You can find cohorts on the Cohorts page in Adora.
To use cohorts, you'll need to be sending Adora User IDs. See Adding User IDs for setup steps.
A cohort is a group of users defined by a set of eligibility criteria. You create a cohort by choosing one or more filters, and Adora automatically groups every user who matches.
You can filter users on:
First seen — when Adora first recorded a session for that user
Last seen — when Adora last recorded a session for that user
Total recorded sessions — how many sessions Adora has captured for that user
Average session duration
Any existing Adora property or integrated property — such as country, language, user role, plan, or company
Cohorts are dynamic
Users are automatically added to and removed from a cohort as their eligibility changes. A cohort defined as "users with more than 10 sessions in the last 7 days" will always reflect the current state of that criteria — no manual updates required.
The users table
Each cohort includes a table of all the users who currently match its criteria. The table displays the available properties and their values for each user, so you can explore who belongs to a cohort and how they compare. You can sort the table by any column to find the data you care about.
Viewing individual users
The cohorts page includes a side panel on the right-hand side that you can expand and collapse. When you click a user row in the table, the side panel updates to show information specific to that user:
Adora AI — AI insights about the user
Screens — screens the user has visited
Journeys — journeys the user has been part of
Sessions — sessions recorded for that user
Each section includes clickable options so you can navigate directly to the relevant screen, journey, or session for a closer look.
Using cohorts as filters
Once you've created a cohort, you can apply it as a filter on other objects in Adora — like journeys, screens, or sessions — to see how that specific group of users behaves in a particular part of your product.
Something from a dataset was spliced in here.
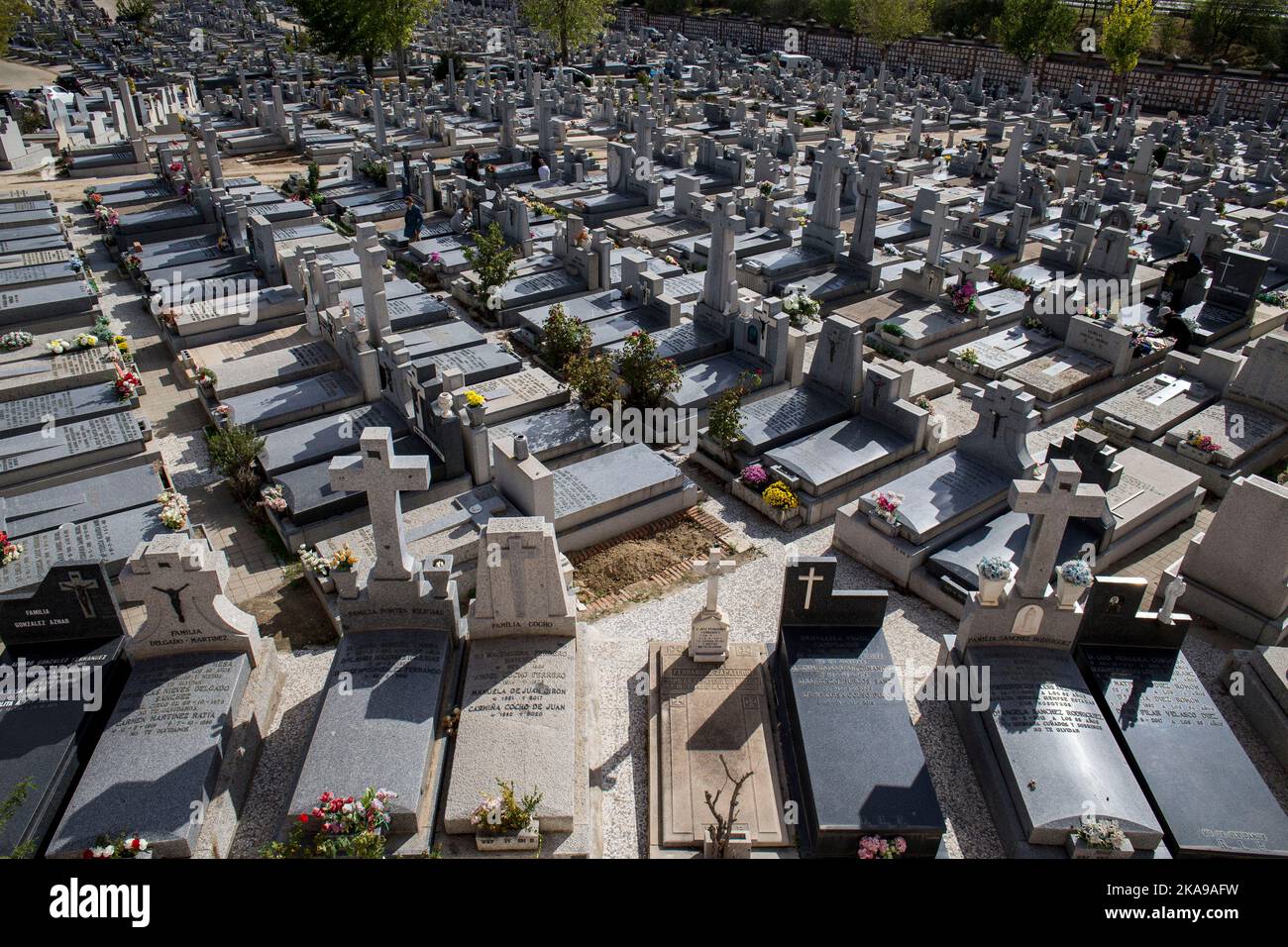 La gente adorna las tumbas de los familiares en el cementerio de la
For example, you could define a "power users" cohort and apply it to a journey to see exactly how your most engaged users navigate a key workflow.
How cohort filtering works
When you apply a cohort as a filter, Adora filters by the list of user IDs that currently belong to that cohort — not by reapplying the original eligibility conditions to each session. This means that if you apply a "paid plan" cohort to the sessions page over the last month, you may see some sessions from when a user was still on the free plan, if they upgraded during that period.
This is intentional and consistent with how cohorts work across the analytics industry.
User properties require a cohort
User-level properties (like first seen or average session duration) cannot be applied as direct filters on other objects. To filter by a user property, you need to create a cohort with that criteria first, then apply the cohort as a filter. This keeps the data model clean and the behavior predictable.
Team-level cohorts
Cohorts are visible to everyone on your team. You can name each cohort and choose a cover image so they're easy to identify at a glance.
Example use cases
Understanding new user behavior — Create a cohort of users first seen in the last 7 days. Apply it to a journey to see how recent users navigate your product compared to your broader user base.
Identifying power user patterns — Define a cohort based on high session frequency (e.g. 10+ sessions in the last 7 days) and apply it to a key workflow to understand how your most engaged users interact with it.
Tracking a customer segment — Create a cohort based on company or plan type to isolate enterprise users, then apply it to journeys to see whether their behavior differs from other users.